To address soaring rates of childhood obesity, the American Academy of Pediatrics last year endorsed tactics it once considered risky.
“Watchful waiting” had been standard practice, in part from concern that a doctor’s focus on weight could inadvertently plant the seed for stigma or eating disorders like anorexia and bulimia.
The influential academy now said pediatricians should pursue “early treatment at the highest level of intensity appropriate for and available to the child.” Some teenagers should undergo bariatric surgery. Others should inject the obesity drug Wegovy. Some children as young as 2 should undergo intensive behavioral treatment.

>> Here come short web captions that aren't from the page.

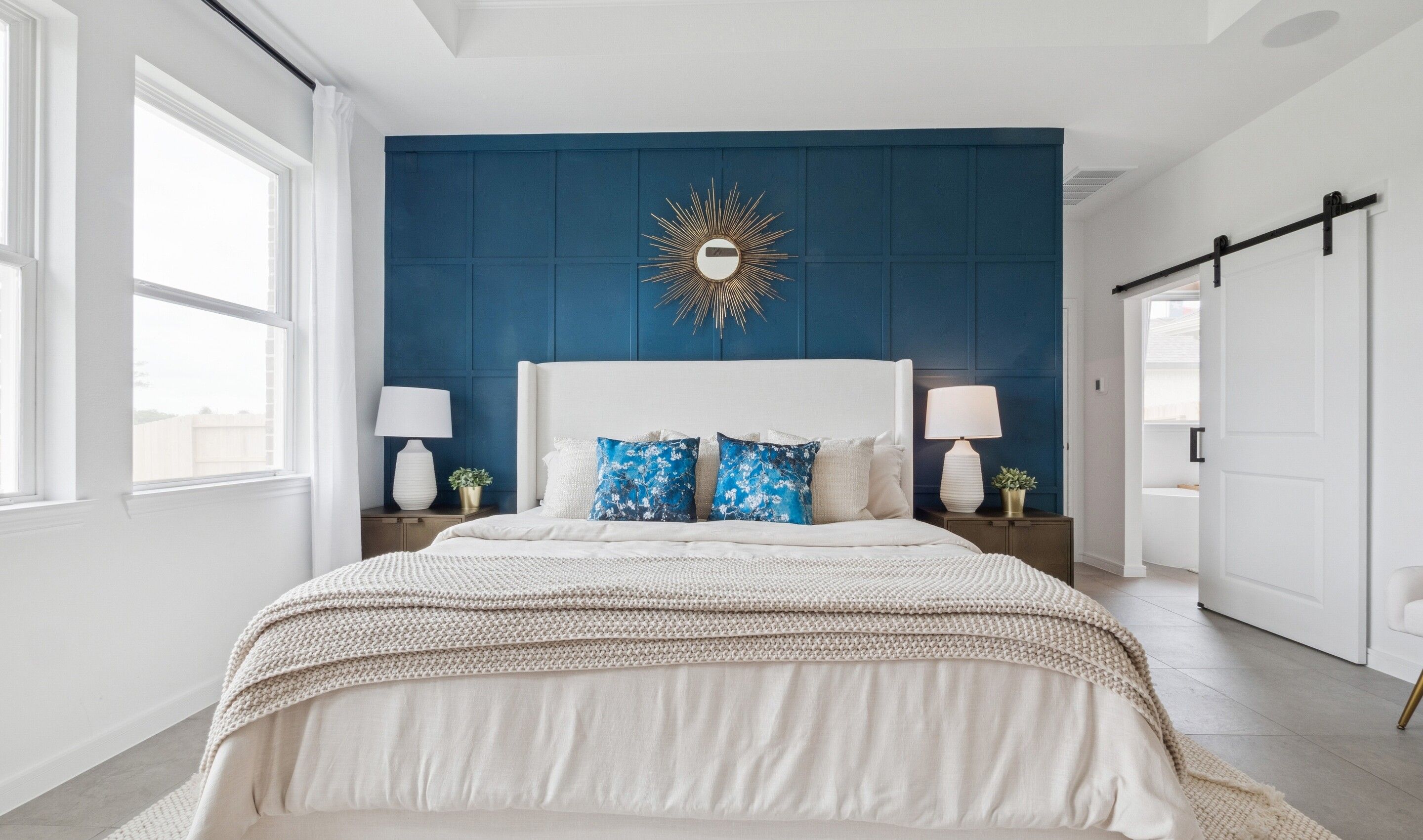 Primary suite with sliding barn door to private bath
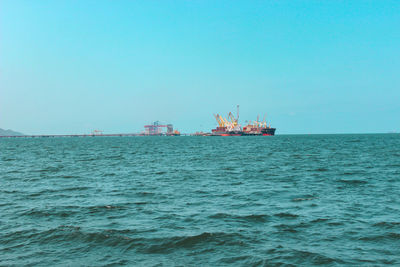 Scenic view of sea against clear blue sky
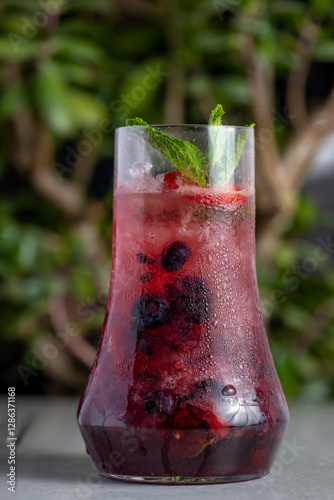 Refreshing summer drink with berries and mint in a glass. lemonade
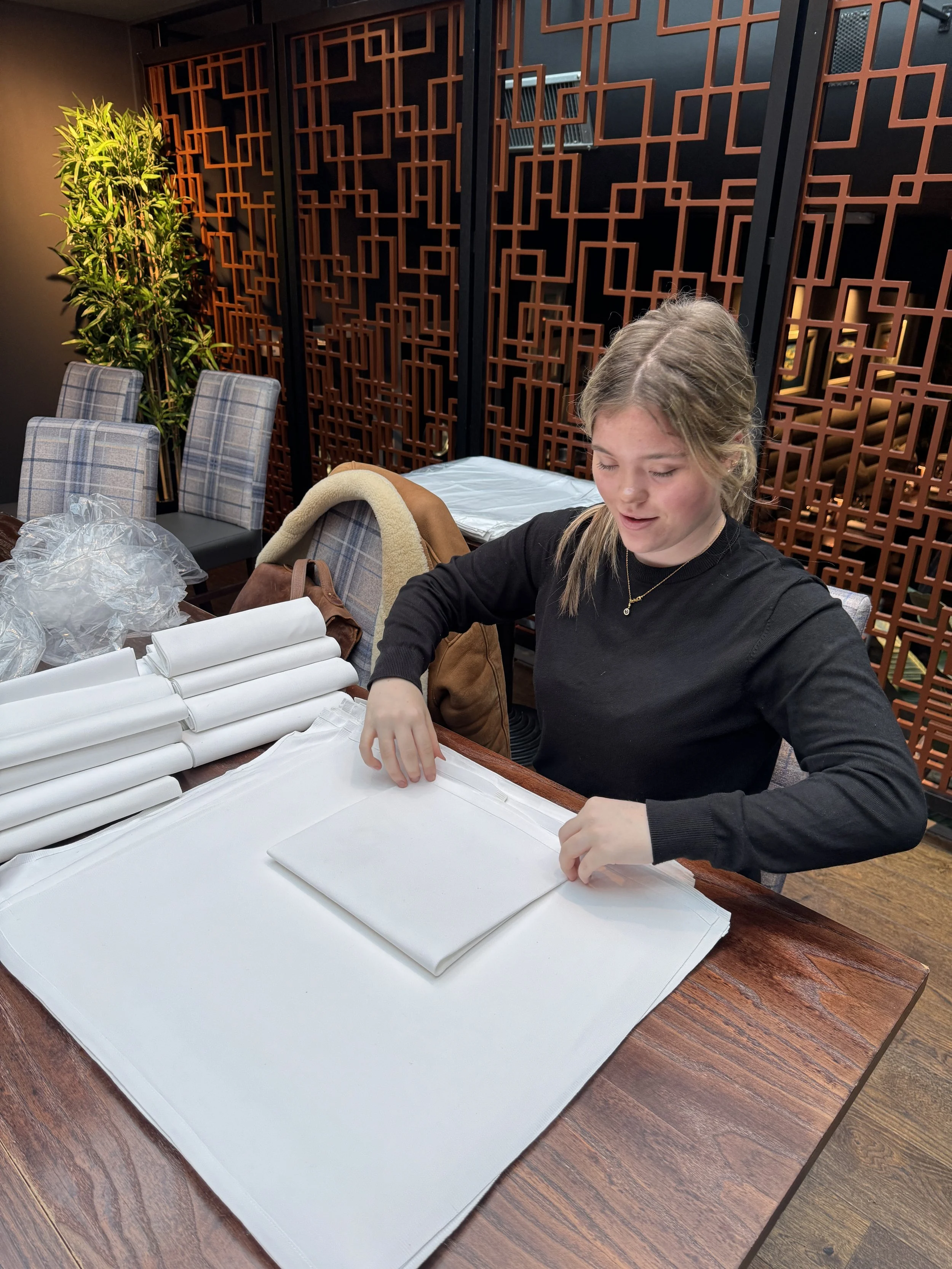 A waitress in a white shirt and black pants carrying two plates of food in a restaurant with wooden furniture and tables.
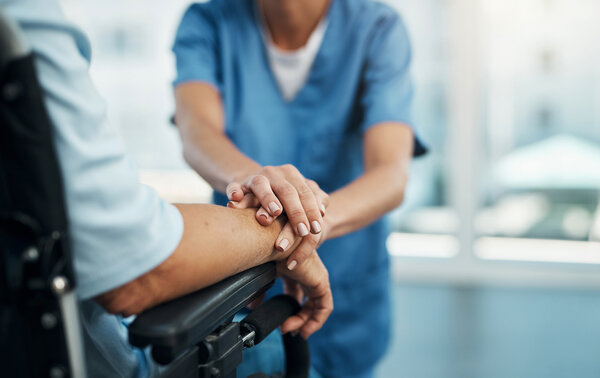 Eine Krankenschwester im blauen Kittel, die einer Person die Hand hält. – 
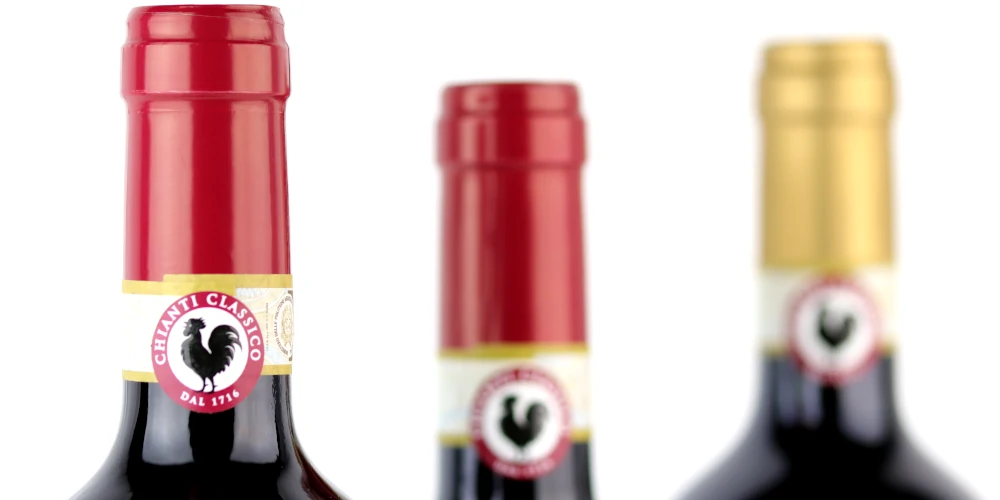 Necks of three bottles of Chainti Classico wine with the Black Rooster insignia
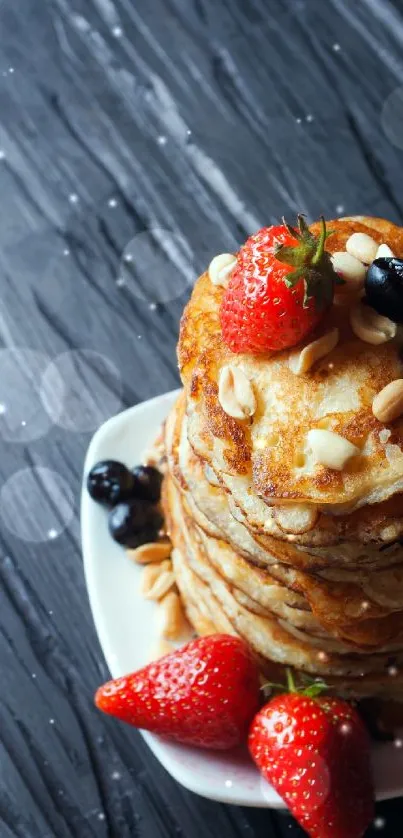 Stack of pancakes with strawberries and blueberries on a dark background.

The AAP cited three academic papers to support its conclusion that aggressive obesity treatments would not fuel disordered eating, saying the literature clearly “refutes this relationship.” But in interviews with STAT and the Investigative Reporting Program at UC Berkeley’s Graduate School of Journalism, authors of each paper said the pediatric group misconstrued or misused their work. In particular, the authors took aim at the AAP’s claim that eating disorders would be reduced for up to six years after obesity treatment.
The issue is pivotal because pediatricians are also scrambling to contain skyrocketing rates of eating disorders in young people. Eating disorders, which often take years to recover from and can be fatal, now rival asthma as the second most common chronic condition in U.S. children — behind obesity.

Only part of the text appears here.